It was as if she had been woken from the longest slumber. Her saviour was gone, like a ghost fleeing the dawn; had left right before sunrise. Already, she felt it – life. She had been a desert, and now she was a river: not until she could feel strength in her limbs for the first time did she understand just how parched she’d been.
She hobbled to the garden, and found a wasteland in its stead. The rosarium was rotting, that scent rising from the ruin left behind. And then, of course, there was the matter of her right eye.

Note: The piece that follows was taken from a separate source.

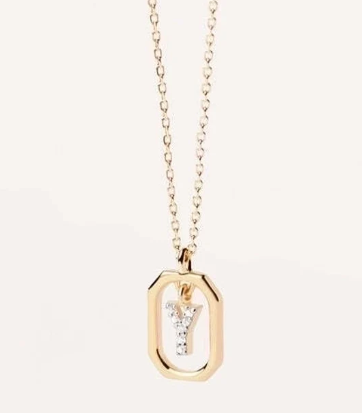 Collar con Colgante de Letra en Plata de Ley 925 con Circonitas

Before, they had both been the shade of burnt umber, a lovely rich brown – but after she rose, her right eye was yellow as amber; her pupil no longer round, but a serpentine slit. It distressed her parents greatly: undeath is holy, but the flesh is weak. Her strange eye seemed fit as proof of some inner flaw, no matter the blessing bestowed. A sacrilege of a holy gift. It did not help matters that she began to see things, out of the corner of her eye – shadows and silhouettes, strange motes of light. Sometimes, she even swore she heard them whisper. Necromancy may be holy, but not all magic is, and whatever had been left behind in her – or woken up – was decidedly not holy. The eye drops were a compromise: her father wanted to have a Vitalus heal her eye, in the hopes that it might banish whatever ill fortune had befallen her, and Zoya staunchly refused. It was her mark, her scar, she would do with it as she pleased. But she could not deny that the strange visions bothered her, and in time, took to covering it with cloth. It made her realize that simply removing the sight from her right eye seemed to stem the problem – and so she agreed to her father’s solution. He commissioned eye drops brewed from belladonna and other strange components, and she has kept a vial of it on her at all times ever since.
† † †
SKINS SHED; LIVES LOST, LIVES GIVEN.
It was as if whatever force had eluded her in her first life had begun pouring out of her in her second. She took to fencing, took to the city, took to anything and everything she could get her hands on: I’m alive, I’m alive, I’m alive. It echoed in her, a fervor unlike anything else she’d ever felt. She could tell it almost frightened her family: it must have been uncanny, she knows, to see her spend fifteen years half-dead, only to lie there a corpse and then be brought back. To see her right eye become something else, something not-her, to see her be so viciously alive after what had transpired.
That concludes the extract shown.